BEGIN TASK DATA
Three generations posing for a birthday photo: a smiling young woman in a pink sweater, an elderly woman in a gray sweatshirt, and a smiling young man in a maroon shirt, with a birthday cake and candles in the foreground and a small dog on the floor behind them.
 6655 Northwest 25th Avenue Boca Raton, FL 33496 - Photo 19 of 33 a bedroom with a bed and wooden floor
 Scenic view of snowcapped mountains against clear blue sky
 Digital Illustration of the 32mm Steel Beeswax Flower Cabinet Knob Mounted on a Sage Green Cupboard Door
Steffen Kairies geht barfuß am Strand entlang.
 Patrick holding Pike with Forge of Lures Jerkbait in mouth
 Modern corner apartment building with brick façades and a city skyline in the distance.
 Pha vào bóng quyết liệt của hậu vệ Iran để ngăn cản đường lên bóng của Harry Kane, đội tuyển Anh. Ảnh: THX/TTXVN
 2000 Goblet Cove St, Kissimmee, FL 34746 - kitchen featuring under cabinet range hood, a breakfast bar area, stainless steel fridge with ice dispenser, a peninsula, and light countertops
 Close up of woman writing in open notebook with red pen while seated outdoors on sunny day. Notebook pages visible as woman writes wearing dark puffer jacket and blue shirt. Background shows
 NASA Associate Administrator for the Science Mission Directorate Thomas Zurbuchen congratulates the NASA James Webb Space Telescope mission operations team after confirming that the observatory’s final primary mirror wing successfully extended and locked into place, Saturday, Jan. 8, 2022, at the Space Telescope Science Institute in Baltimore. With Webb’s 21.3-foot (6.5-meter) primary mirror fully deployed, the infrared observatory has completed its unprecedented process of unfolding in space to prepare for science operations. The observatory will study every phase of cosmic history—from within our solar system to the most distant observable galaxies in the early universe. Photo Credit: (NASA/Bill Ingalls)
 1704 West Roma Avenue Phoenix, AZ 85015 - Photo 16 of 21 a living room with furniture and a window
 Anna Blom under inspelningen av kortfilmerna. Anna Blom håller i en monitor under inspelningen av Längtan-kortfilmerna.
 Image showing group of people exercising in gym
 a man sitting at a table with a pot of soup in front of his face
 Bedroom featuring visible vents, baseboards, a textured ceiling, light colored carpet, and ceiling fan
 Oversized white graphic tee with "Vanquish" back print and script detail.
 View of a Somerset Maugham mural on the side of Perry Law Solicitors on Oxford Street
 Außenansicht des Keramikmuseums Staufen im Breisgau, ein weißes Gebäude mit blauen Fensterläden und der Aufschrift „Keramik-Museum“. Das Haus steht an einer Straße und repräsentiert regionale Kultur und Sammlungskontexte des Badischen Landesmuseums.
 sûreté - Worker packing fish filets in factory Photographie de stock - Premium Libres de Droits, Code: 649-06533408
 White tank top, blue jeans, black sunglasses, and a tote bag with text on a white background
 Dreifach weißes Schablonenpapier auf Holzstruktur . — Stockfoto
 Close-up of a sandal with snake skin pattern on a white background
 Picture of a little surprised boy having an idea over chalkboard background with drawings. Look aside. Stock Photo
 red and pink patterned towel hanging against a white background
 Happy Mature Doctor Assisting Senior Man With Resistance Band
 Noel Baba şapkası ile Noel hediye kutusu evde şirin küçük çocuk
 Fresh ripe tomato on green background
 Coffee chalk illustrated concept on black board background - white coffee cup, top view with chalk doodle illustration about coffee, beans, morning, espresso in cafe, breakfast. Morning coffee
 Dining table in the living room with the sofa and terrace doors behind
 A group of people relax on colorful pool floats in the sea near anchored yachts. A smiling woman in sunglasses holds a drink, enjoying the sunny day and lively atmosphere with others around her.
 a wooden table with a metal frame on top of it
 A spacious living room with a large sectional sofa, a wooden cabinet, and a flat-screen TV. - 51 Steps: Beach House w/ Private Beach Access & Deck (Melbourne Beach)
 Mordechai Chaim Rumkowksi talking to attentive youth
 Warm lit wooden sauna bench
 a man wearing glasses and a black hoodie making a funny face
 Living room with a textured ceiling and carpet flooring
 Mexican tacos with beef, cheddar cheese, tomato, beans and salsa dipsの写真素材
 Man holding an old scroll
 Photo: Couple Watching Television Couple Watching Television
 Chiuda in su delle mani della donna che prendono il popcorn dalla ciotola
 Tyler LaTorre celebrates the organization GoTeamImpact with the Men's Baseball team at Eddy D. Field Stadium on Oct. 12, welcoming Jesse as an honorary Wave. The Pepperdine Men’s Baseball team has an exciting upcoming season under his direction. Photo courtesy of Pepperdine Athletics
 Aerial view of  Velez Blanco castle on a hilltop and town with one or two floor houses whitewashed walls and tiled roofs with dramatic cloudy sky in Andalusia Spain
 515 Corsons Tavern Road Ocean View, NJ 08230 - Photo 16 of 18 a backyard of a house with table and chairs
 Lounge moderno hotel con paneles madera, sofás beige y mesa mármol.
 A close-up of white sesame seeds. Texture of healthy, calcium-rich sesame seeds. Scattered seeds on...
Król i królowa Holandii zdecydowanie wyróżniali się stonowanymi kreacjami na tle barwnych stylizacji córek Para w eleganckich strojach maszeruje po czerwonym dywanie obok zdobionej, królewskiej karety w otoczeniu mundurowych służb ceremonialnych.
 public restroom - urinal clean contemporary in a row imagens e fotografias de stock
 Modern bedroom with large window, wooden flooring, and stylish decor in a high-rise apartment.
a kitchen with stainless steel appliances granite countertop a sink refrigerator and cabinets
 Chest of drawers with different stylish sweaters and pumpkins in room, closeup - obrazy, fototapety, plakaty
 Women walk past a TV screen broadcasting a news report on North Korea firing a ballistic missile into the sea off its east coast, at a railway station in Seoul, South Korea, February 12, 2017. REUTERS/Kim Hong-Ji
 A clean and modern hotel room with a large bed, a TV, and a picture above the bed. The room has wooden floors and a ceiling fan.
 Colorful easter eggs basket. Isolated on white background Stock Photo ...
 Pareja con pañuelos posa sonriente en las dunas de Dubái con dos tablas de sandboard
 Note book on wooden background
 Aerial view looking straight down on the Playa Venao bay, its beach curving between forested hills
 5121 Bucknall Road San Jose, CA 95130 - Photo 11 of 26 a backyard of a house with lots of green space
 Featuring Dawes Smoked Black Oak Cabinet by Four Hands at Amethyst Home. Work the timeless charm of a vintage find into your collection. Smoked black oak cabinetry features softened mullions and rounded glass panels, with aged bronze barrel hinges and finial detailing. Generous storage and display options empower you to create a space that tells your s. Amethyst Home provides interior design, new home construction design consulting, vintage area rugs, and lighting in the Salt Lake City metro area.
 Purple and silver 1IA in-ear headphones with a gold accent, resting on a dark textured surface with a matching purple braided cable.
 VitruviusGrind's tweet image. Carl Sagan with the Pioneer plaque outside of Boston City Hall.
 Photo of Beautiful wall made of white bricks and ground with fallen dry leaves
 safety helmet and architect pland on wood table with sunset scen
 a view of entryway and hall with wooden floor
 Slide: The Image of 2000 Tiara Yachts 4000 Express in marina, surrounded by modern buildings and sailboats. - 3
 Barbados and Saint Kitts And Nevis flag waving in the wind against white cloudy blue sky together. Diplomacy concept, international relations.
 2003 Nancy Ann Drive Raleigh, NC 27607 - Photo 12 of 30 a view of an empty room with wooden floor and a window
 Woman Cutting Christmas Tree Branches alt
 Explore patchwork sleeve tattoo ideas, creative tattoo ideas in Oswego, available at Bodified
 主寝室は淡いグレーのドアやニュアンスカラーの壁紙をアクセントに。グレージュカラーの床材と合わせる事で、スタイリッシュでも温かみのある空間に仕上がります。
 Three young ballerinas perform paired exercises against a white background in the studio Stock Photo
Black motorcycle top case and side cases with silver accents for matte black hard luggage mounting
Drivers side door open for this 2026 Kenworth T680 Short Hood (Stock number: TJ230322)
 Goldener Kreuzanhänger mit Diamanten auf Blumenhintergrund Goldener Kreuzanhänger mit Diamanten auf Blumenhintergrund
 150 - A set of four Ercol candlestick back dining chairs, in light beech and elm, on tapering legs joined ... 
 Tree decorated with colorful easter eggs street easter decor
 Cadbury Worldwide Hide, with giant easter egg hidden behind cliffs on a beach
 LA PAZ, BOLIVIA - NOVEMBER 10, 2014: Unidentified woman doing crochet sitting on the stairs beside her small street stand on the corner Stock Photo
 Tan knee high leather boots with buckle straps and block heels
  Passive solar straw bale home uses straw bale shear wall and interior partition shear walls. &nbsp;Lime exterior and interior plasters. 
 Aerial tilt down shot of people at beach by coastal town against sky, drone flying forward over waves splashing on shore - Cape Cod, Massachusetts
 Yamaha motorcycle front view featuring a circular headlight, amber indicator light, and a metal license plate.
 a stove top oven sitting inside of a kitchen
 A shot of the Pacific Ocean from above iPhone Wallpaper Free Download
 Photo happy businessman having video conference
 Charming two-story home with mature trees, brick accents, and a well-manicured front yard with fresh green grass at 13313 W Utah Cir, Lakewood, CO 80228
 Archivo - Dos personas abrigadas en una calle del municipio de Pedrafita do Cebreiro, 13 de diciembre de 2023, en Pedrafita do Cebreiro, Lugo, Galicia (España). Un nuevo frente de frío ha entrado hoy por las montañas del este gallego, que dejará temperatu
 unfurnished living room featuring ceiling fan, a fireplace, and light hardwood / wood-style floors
END TASK DATA
## WHAT TO DO
Everything from the line with "Steffen Kairies geht" through the line with "Außenansicht des Keramikmuseums" in the listing above must be retyped exactly, with nothing added.

## EXERCISE ANSWER
Steffen Kairies geht barfuß am Strand entlang.
 Patrick holding Pike with Forge of Lures Jerkbait in mouth
 Modern corner apartment building with brick façades and a city skyline in the distance.
 Pha vào bóng quyết liệt của hậu vệ Iran để ngăn cản đường lên bóng của Harry Kane, đội tuyển Anh. Ảnh: THX/TTXVN
 2000 Goblet Cove St, Kissimmee, FL 34746 - kitchen featuring under cabinet range hood, a breakfast bar area, stainless steel fridge with ice dispenser, a peninsula, and light countertops
 Close up of woman writing in open notebook with red pen while seated outdoors on sunny day. Notebook pages visible as woman writes wearing dark puffer jacket and blue shirt. Background shows
 NASA Associate Administrator for the Science Mission Directorate Thomas Zurbuchen congratulates the NASA James Webb Space Telescope mission operations team after confirming that the observatory’s final primary mirror wing successfully extended and locked into place, Saturday, Jan. 8, 2022, at the Space Telescope Science Institute in Baltimore. With Webb’s 21.3-foot (6.5-meter) primary mirror fully deployed, the infrared observatory has completed its unprecedented process of unfolding in space to prepare for science operations. The observatory will study every phase of cosmic history—from within our solar system to the most distant observable galaxies in the early universe. Photo Credit: (NASA/Bill Ingalls)
 1704 West Roma Avenue Phoenix, AZ 85015 - Photo 16 of 21 a living room with furniture and a window
 Anna Blom under inspelningen av kortfilmerna. Anna Blom håller i en monitor under inspelningen av Längtan-kortfilmerna.
 Image showing group of people exercising in gym
 a man sitting at a table with a pot of soup in front of his face
 Bedroom featuring visible vents, baseboards, a textured ceiling, light colored carpet, and ceiling fan
 Oversized white graphic tee with "Vanquish" back print and script detail.
 View of a Somerset Maugham mural on the side of Perry Law Solicitors on Oxford Street
 Außenansicht des Keramikmuseums Staufen im Breisgau, ein weißes Gebäude mit blauen Fensterläden und der Aufschrift „Keramik-Museum“. Das Haus steht an einer Straße und repräsentiert regionale Kultur und Sammlungskontexte des Badischen Landesmuseums.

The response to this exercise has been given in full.